Work to be completed — Give back word for word every line from the one that includes "Essential Kitchen Utensils: A" through the last line of the listing, and nothing besides.

Data to process —
--------------------

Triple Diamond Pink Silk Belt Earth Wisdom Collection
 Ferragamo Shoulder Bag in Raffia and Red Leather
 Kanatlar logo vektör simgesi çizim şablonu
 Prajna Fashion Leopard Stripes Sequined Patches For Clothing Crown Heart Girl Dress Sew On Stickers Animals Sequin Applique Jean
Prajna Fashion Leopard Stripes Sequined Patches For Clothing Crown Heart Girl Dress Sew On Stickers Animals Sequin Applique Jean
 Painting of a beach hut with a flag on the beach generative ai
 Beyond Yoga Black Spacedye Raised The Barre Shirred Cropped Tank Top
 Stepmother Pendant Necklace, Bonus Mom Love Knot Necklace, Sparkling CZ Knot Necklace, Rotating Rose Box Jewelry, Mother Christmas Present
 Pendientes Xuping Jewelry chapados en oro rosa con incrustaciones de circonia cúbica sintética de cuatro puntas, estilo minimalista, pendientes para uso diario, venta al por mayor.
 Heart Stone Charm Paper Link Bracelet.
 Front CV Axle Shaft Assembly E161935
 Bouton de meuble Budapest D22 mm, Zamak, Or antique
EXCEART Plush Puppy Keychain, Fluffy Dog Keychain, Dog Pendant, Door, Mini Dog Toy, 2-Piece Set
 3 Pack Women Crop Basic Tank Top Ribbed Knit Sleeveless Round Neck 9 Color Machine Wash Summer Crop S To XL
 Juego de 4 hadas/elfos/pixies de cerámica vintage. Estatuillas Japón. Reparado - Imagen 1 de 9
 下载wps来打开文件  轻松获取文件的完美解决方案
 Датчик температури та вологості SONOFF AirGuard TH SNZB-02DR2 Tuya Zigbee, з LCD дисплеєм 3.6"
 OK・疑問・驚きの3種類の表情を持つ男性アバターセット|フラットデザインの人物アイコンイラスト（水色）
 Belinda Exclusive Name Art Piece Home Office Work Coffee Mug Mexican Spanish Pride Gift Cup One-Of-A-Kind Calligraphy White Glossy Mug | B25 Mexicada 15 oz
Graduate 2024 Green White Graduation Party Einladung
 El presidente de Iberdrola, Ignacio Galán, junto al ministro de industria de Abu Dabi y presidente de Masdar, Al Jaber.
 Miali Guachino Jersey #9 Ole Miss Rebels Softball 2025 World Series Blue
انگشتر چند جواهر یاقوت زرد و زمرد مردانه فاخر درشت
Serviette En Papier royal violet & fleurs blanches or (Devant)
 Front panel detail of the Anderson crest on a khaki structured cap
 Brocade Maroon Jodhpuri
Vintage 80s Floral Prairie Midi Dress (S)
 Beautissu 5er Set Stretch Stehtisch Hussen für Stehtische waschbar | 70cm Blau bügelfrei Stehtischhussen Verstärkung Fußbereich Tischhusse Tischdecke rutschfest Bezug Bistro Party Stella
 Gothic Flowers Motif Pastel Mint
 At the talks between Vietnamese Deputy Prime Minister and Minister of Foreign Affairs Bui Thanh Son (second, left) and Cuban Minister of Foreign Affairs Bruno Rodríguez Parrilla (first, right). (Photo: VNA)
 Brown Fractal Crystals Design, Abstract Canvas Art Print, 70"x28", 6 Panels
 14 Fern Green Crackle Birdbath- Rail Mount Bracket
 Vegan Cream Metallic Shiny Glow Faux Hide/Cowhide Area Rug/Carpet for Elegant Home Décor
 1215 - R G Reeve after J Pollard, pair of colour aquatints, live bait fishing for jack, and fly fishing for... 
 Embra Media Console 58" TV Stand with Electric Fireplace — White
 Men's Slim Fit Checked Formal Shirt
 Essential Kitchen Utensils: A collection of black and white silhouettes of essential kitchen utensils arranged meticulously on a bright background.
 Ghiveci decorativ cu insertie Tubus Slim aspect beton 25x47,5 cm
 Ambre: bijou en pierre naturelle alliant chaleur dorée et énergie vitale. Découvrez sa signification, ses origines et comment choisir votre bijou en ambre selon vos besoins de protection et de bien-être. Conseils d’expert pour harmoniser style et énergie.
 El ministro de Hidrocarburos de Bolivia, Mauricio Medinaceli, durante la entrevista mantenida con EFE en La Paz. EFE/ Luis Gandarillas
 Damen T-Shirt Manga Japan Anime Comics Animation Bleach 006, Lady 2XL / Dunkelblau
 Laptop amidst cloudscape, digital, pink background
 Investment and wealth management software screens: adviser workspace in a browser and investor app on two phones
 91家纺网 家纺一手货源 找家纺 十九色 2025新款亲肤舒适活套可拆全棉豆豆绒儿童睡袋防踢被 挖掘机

--------------------

Reply —
 Essential Kitchen Utensils: A collection of black and white silhouettes of essential kitchen utensils arranged meticulously on a bright background.
 Ghiveci decorativ cu insertie Tubus Slim aspect beton 25x47,5 cm
 Ambre: bijou en pierre naturelle alliant chaleur dorée et énergie vitale. Découvrez sa signification, ses origines et comment choisir votre bijou en ambre selon vos besoins de protection et de bien-être. Conseils d’expert pour harmoniser style et énergie.
 El ministro de Hidrocarburos de Bolivia, Mauricio Medinaceli, durante la entrevista mantenida con EFE en La Paz. EFE/ Luis Gandarillas
 Damen T-Shirt Manga Japan Anime Comics Animation Bleach 006, Lady 2XL / Dunkelblau
 Laptop amidst cloudscape, digital, pink background
 Investment and wealth management software screens: adviser workspace in a browser and investor app on two phones
 91家纺网 家纺一手货源 找家纺 十九色 2025新款亲肤舒适活套可拆全棉豆豆绒儿童睡袋防踢被 挖掘机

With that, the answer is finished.